ミトンブログ

岡山市中区高屋のパン屋、mittenのブログ。

配達の皆さま その1

雑誌やテレビで踊る

『パン特集!』の文字。

 

その中身はもちろん、

おしゃれな店内、

個性的なパン、

こだわりの素材。

 

どれも分かりやすく

キラキラしている。

 

しかし、

どんなに腕のいいパン職人も

どんなに高級な小麦粉も

“彼ら”がいなければ、

その力を発揮することはできない。

 

“彼ら”というのは、

パン屋に材料を配達してくれる

業者の人たち。

そう、

「配達の皆さま」のことである。

 

そんな「皆さま」の中に

ひとり、

感謝してもしきれない人がいる。

 

私たちよりも

ひと回り近く年上の彼とは

ミトンがオープンする前からの

お付き合いである。

彼の名前は川本さん(仮名)という。

 

初めて名刺を交換したとき、

そこには“部長代理”と書いてあった。

 

正直なところ、

彼の第一印象は、

「できる男!」

という感じではなかった。

 

物腰が柔らかく

穏やかに話す川本さん。

その中で

一番覚えているのは、

まだ何者でもない私たちの話を

この頃出会った

他のどの大人よりも

彼が真剣に聞いてくれたことである。

 

私たちには、

どうしても使いたい小麦粉があった。

 

あいにく、

その小麦粉は

尋ねたどの業者でも取り扱いがないという。

 

川本さんの会社でも、

それは同じ。

やはり、

「難しいかもしれない。

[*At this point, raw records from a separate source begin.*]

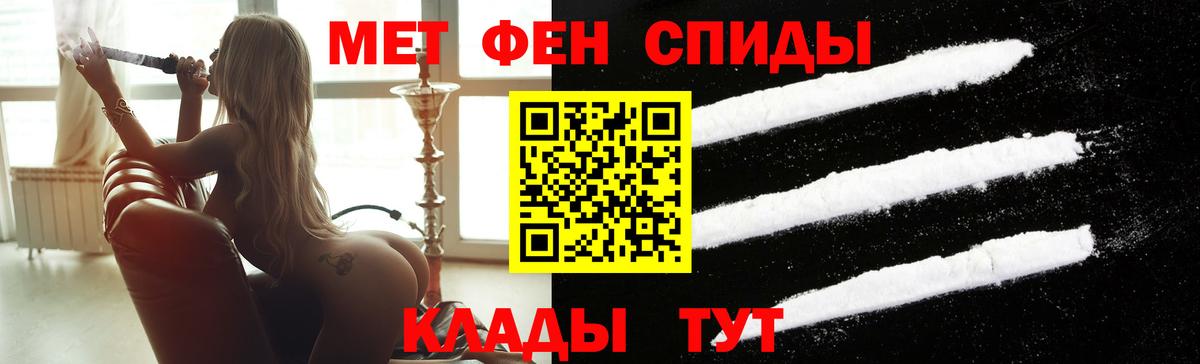 МЕТАМФЕТАМИН винт  Вход с VPN  Маркс  МЕТАМФЕТАМИН винт 
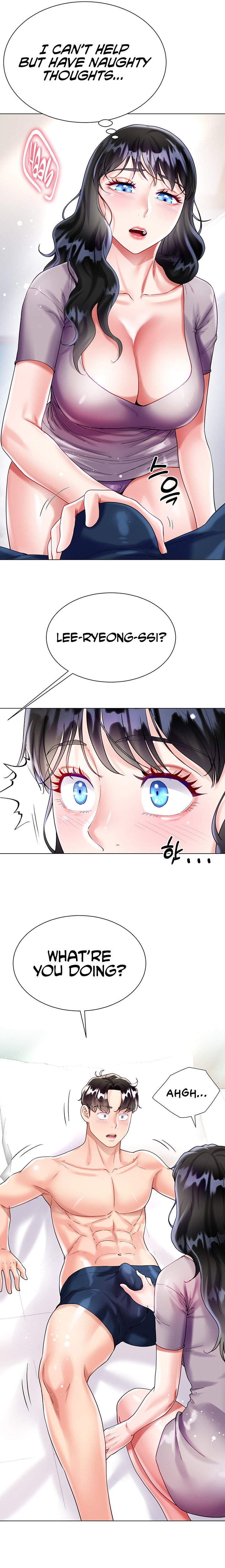 My Sister-in-Law’s Skirt Chapter 21 - Page 10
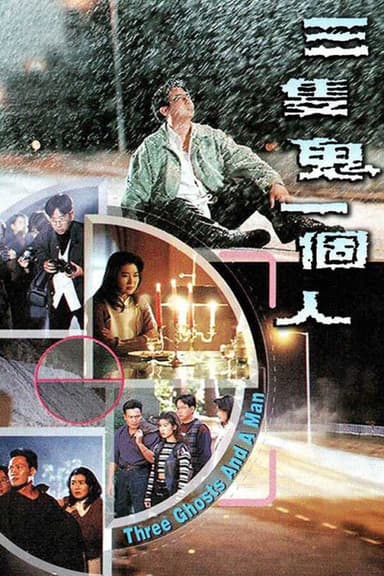 Three Ghosts and a Man poster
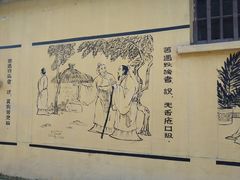 -古德寺素菜馆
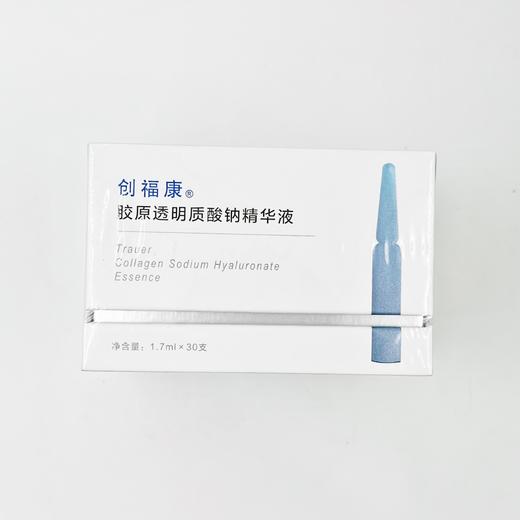 创福康白次抛 胶原透明质酸钠次抛精华（刮码可查防伪） 商品图0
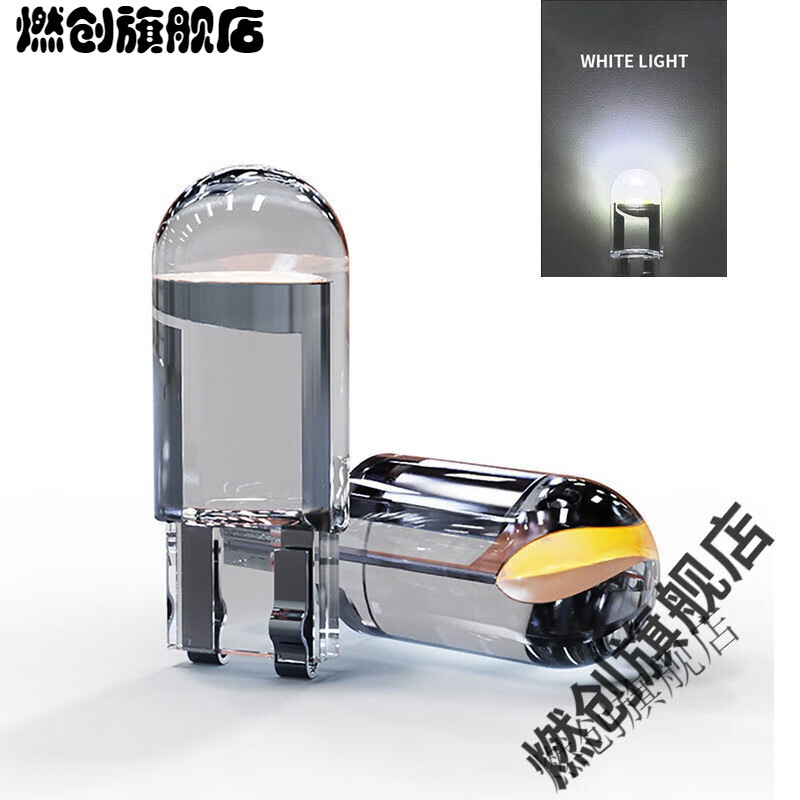 燃創(chuàng)高亮透鏡T10 led小插泡 12V汽車通用示寬燈W5W改裝小燈泡牌照燈 白光 10顆裝(超值)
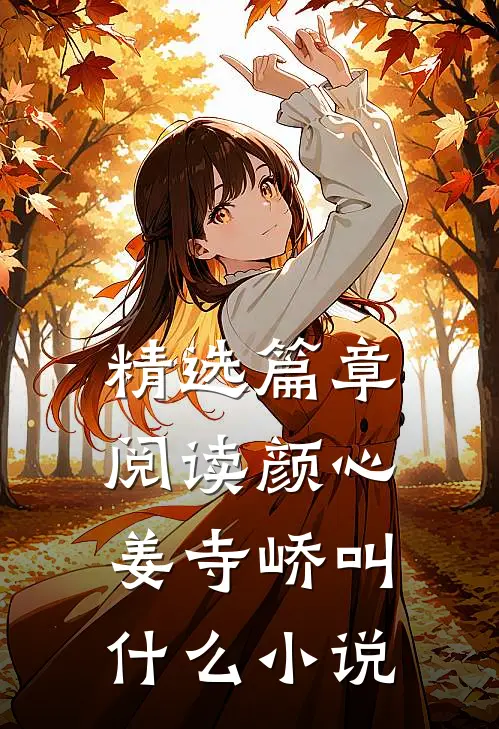 精选篇章阅读颜心姜寺峤叫什么小说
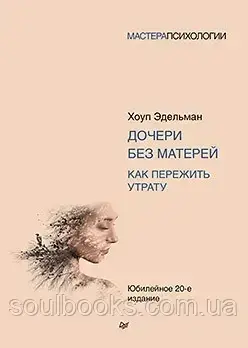 

Дочери без матерей. Как пережить утрату. Эдельман Х.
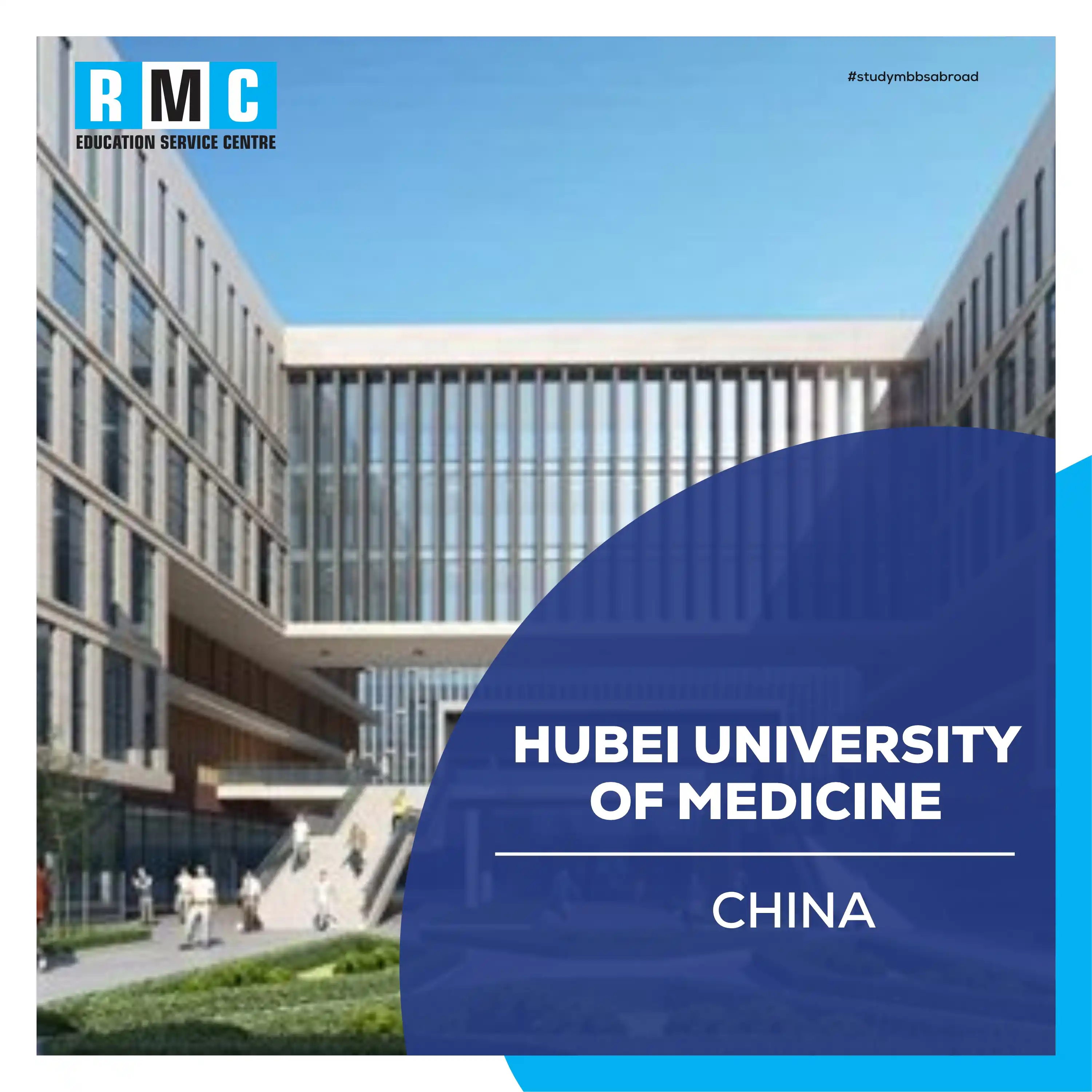 Hubei University of Medicine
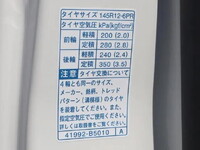 ダイハツハイゼットパネルバン小型（2t・3t）[写真21]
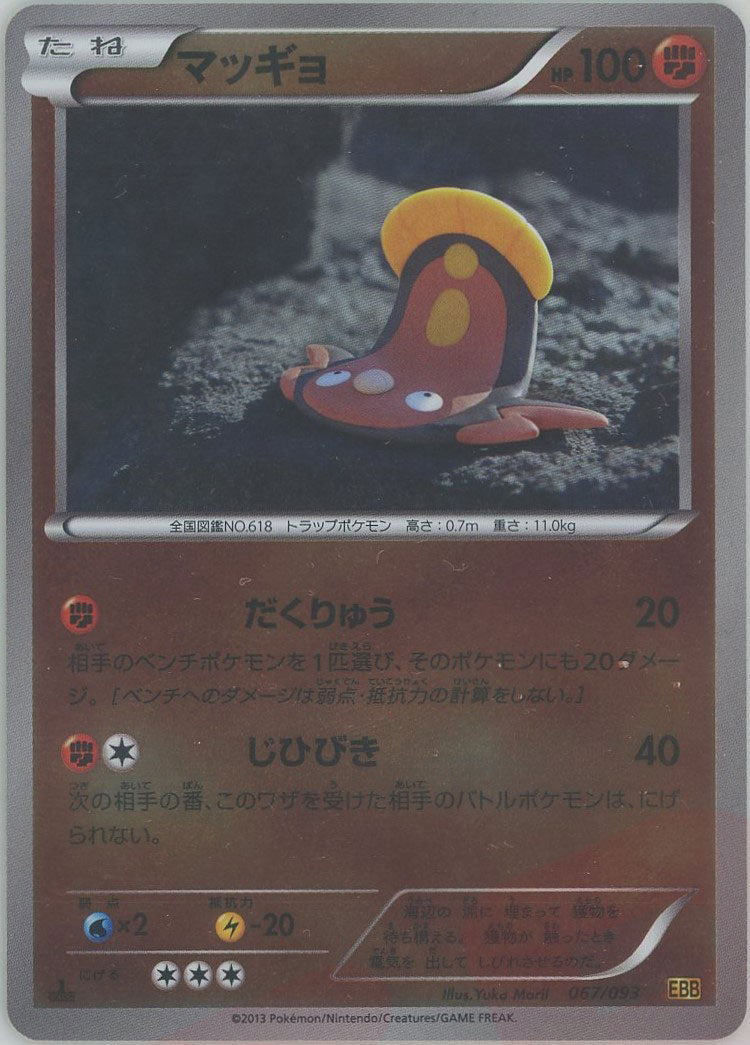 マッギョ:ミラー(CP){闘}〈067/093〉[EBB-M] ｜ポケカ販売‧買取｜ 晴れる屋2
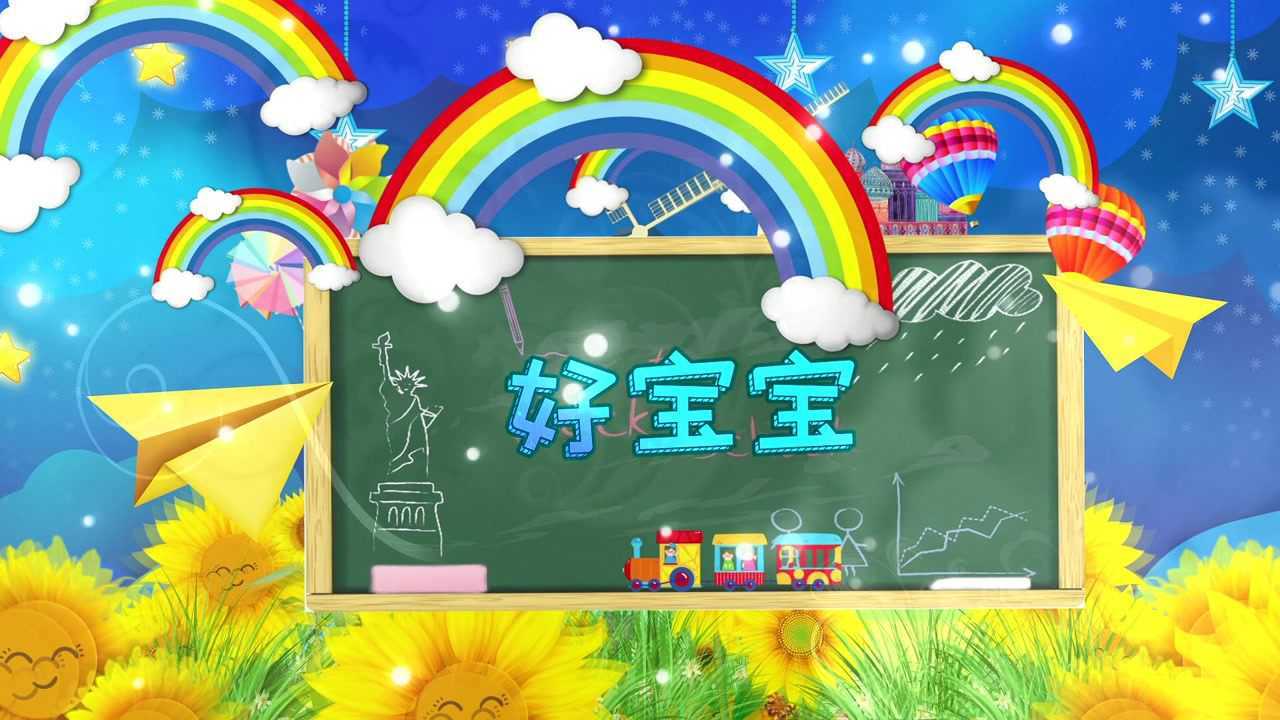 f2383_歌曲好宝宝少儿舞蹈背景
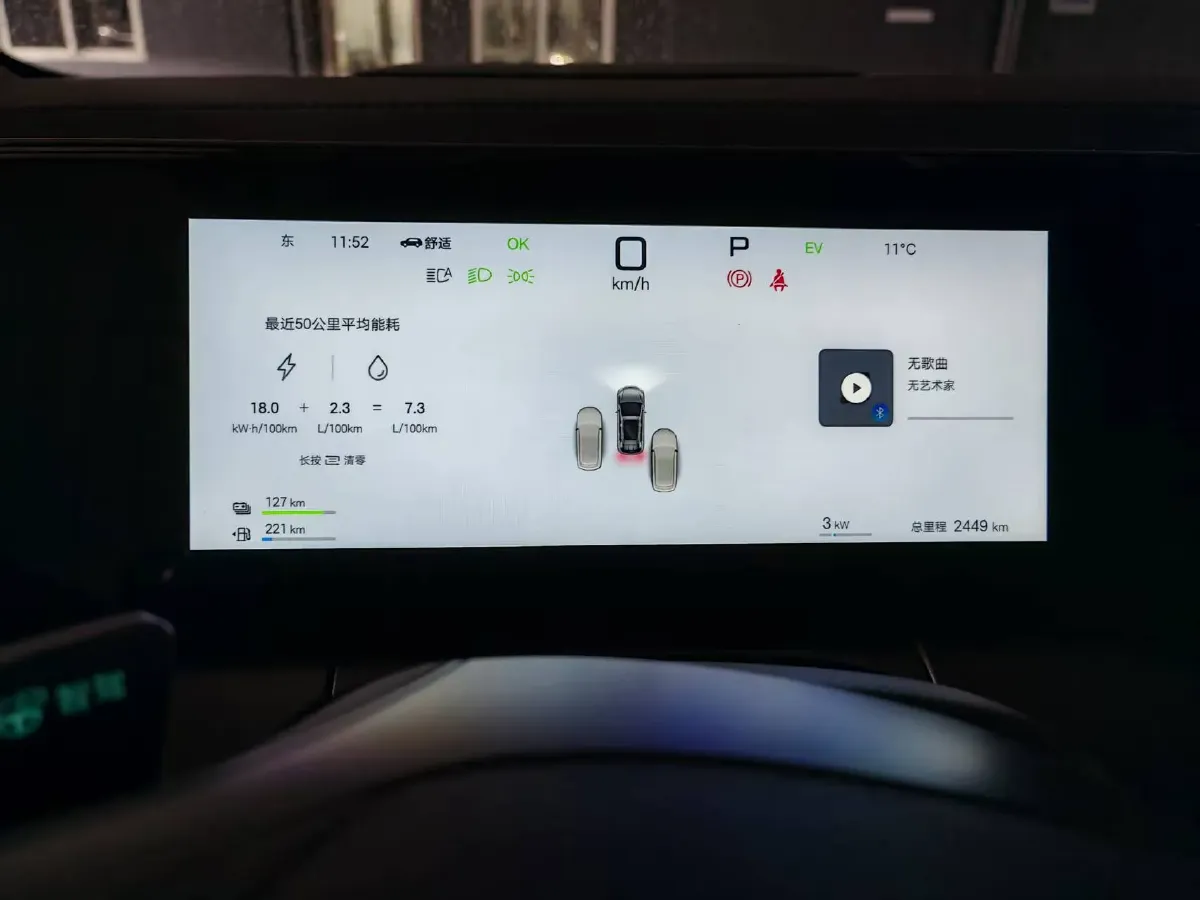 2025 BYD SongL DM-i 1.5L 101HP L4 E-CVT PHEV 26.6KWH,autocango,china used car exporter,china ev exporter,chinese used car exporter,chinese used ev exporter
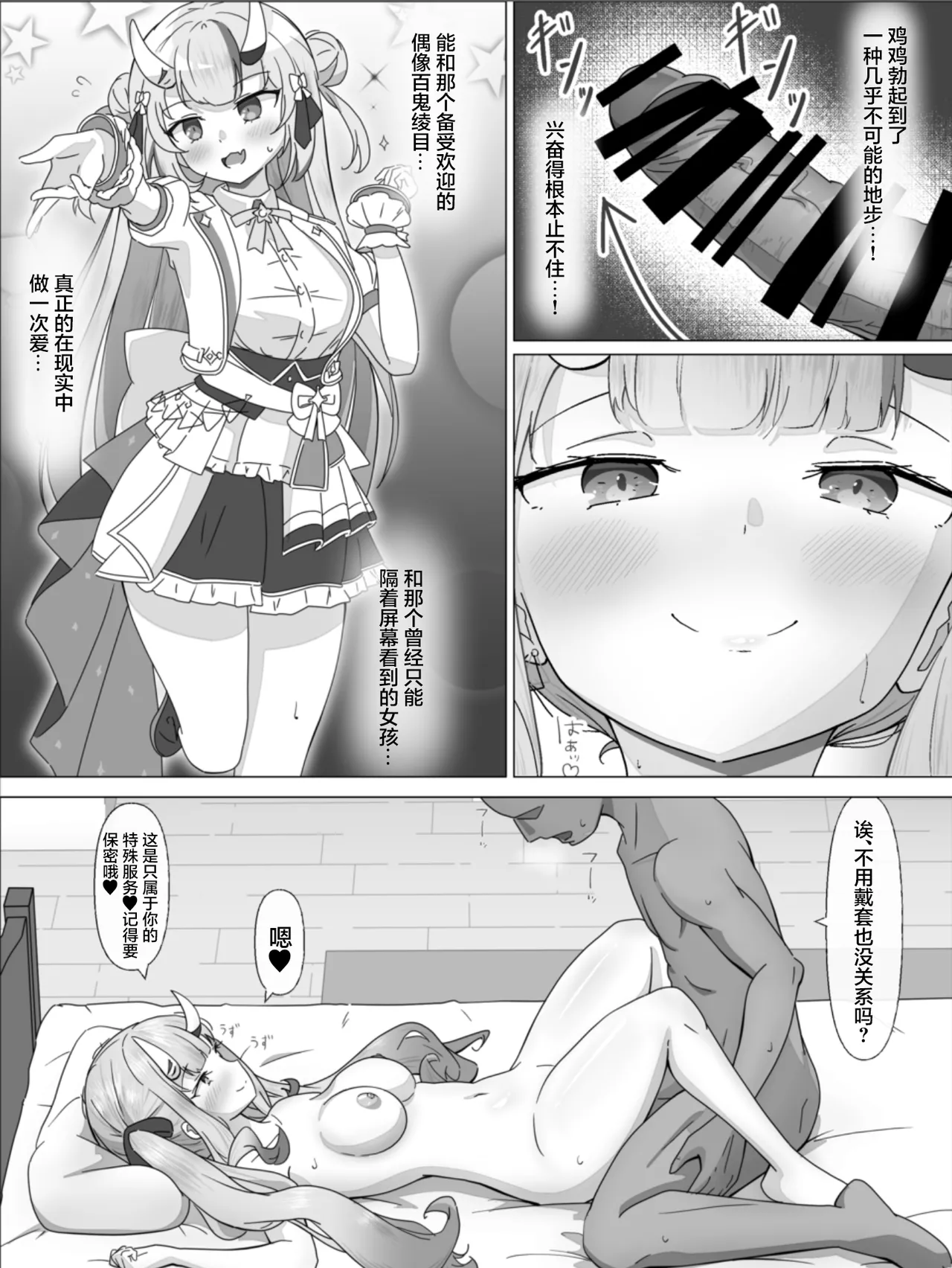 Hololive DeliHeal Nakiri Ayame - Page 18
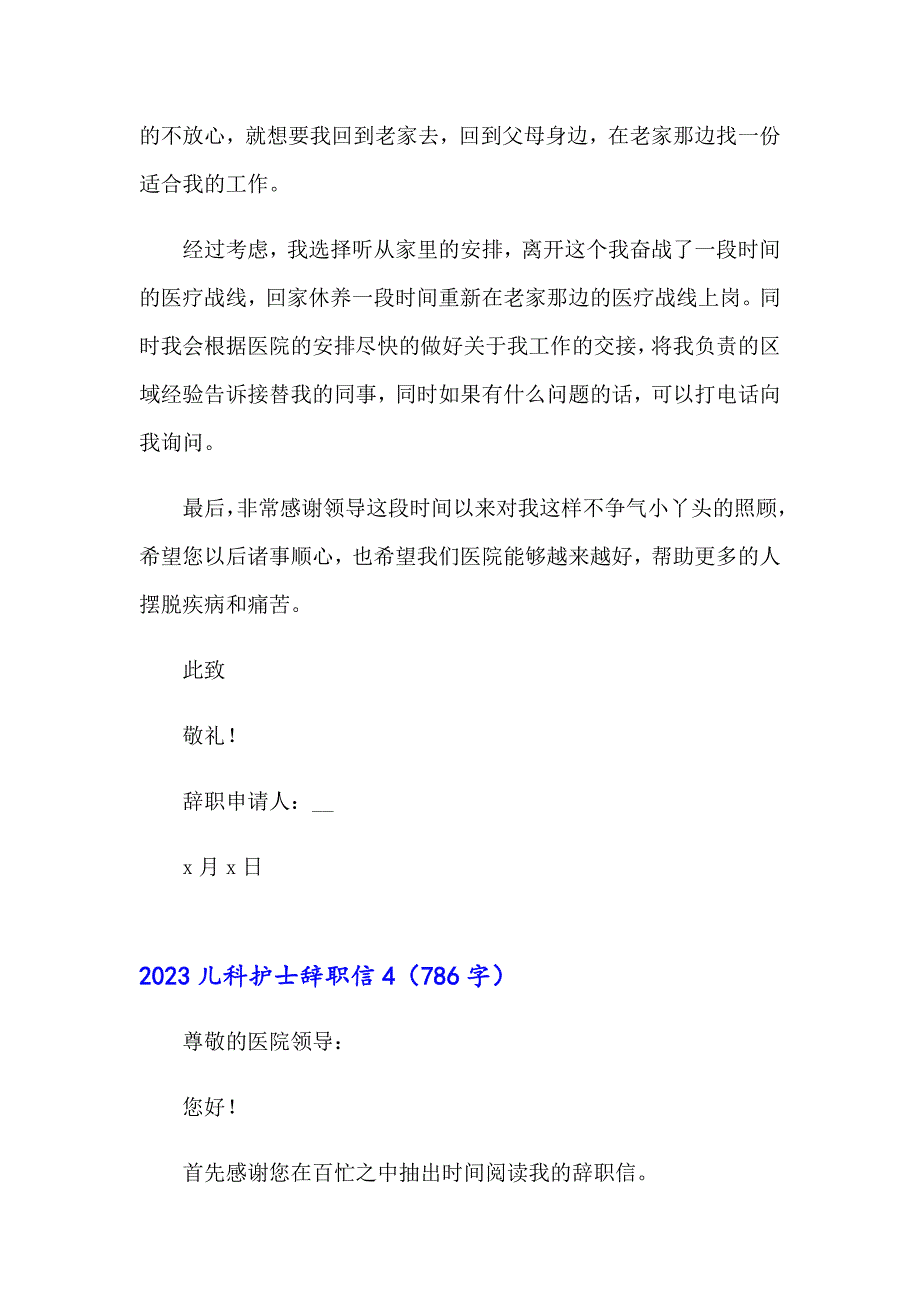 （整合汇编）2023儿科护士辞职信_第5页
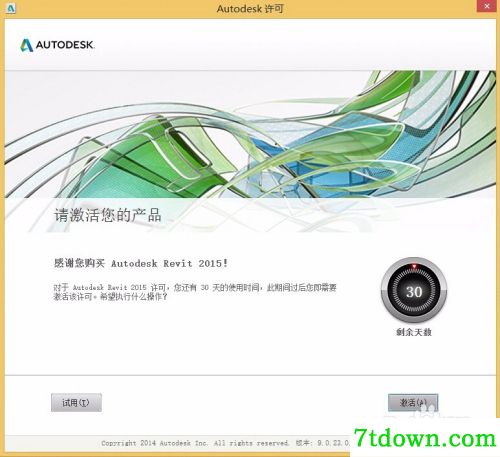 revit2015破解教程5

」

と初めに言われた。

 

無理もない。

先行きも分からない

小さな新店のために

不要になるかもしれない

在庫を抱えることは

会社にとってリスクでしかない。

 

しかし、

次に川本さんに会ったとき、

「これ、いけますよ。」

そう、サラリと告げられた。

なぜそうなったのかは

よく分からない。

 

ただ一つ言えるのは、

もしも川本さんが

この小麦粉を手配できなかったら、

今、

ミトンに並んでいるパンは

違うモノになっていたかもしれない

ということである。

 

ミトンで作っている食パンのレシピは、

このとき

川本さんが手配してくれた小麦粉をもとに

少しずつ改良を加えながら、

今も作り続けている。

 

川本さんは、

決して口数の多い方ではない。

けれども、

色んなことをよく見ている。

 

オープン当初のバタバタしていた時期。

私たちは、

届けてもらった材料を

片付けるのもひと苦労だった。

 

ある日、

いつもは何とか材料を片付ける私たちも

手が回らなくなっていた。

 

それを見た川本さん。

何も言わずに

せっせと材料を片付けはじめた。

 

ちなみに私たちは

彼に材料の保管場所、

定位置を教えたことはなかった。

 

それだけではない。

川本さんが、

いつも

一見無造作に

積み上げていく数種類の小麦粉袋(各25kg)。

 

気付いたら、

次に使いたい粉袋が

ほぼ間違いなく

一番上に置かれている。

その次も、またその次も。

 

たぶん川本さんは、

それぞれの粉の使用頻度と減り具合を

いつも観察し、

把握していた。

もちろん、

彼とそんな話をしたことはない。

 

店のオープンから1年近くが過ぎ、

ミトンの配達担当者が

川本さんから別の人に変わることになった。

 

いつの間にか

川本さんは、

周りの人から“部長”と

呼ばれるようになっていた。

 

失礼を承知で言わせてもらうと、

まちのパン屋も納得の昇進である。

 

ただ、

私たちの担当を外れた今も、

川本さんは

よく店を訪ねてくれる。

売り場をよく見て

イムリーな提案をしてくれる営業の腕は

流石といったところである。

 

「できる男!」というのは、

こういう人のことを言うのだなと

身をもって思い知った。

 

そんな川本さん。

今日もきっと

誰かのために

まちを走り回っているはずである。